What is needed:
Copy the entries below verbatim, omitting any pictures they contain.

Content starts

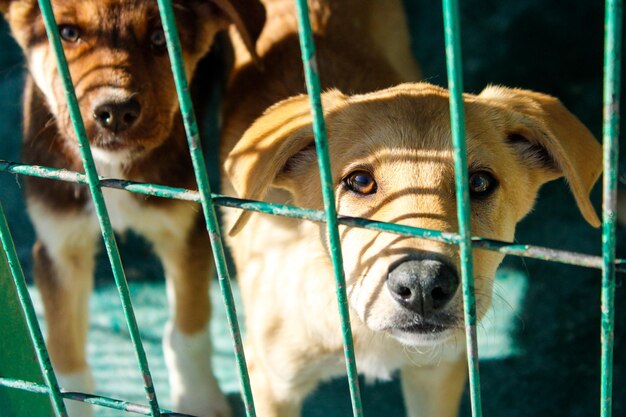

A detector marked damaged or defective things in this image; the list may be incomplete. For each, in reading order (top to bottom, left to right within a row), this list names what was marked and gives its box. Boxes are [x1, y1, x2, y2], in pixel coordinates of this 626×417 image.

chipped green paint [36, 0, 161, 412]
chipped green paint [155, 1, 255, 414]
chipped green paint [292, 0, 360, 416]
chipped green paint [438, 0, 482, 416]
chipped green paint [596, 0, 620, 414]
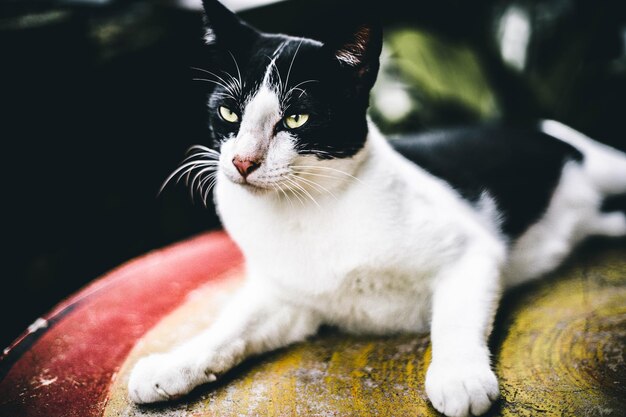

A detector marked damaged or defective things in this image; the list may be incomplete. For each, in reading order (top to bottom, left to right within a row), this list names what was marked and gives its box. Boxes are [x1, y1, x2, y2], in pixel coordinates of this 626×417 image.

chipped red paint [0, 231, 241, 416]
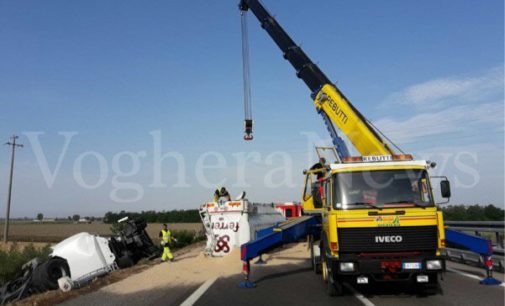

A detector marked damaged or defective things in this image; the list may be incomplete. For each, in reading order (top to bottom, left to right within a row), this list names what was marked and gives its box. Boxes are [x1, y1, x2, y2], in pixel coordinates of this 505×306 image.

Content ends

Written reply:
A detector marked damaged or defective things in this image; the list may be incomplete. For each, in reading order (top to bottom, left to right within a row), this list names what was marked and gives its box. Boxes are [x1, y1, x2, y2], in pixel coordinates of this 626×417 image.

chipped green paint [36, 0, 161, 412]
chipped green paint [155, 1, 255, 414]
chipped green paint [292, 0, 360, 416]
chipped green paint [438, 0, 482, 416]
chipped green paint [596, 0, 620, 414]

A detector marked damaged or defective things in this image; the list may be incomplete. For each, in reading order (top to bottom, left to right within a row), this list names what was marked and gives its box. Boxes are [x1, y1, x2, y2], in pixel coordinates of this 626×417 image.

chipped red paint [0, 231, 241, 416]

A detector marked damaged or defective things in this image; the list may be incomplete. For each, in reading order (top to bottom, left to right within a row), this list names what was marked and gives its box. Boxes are [x1, y1, x2, y2], in pixel coordinates of this 505×306 image.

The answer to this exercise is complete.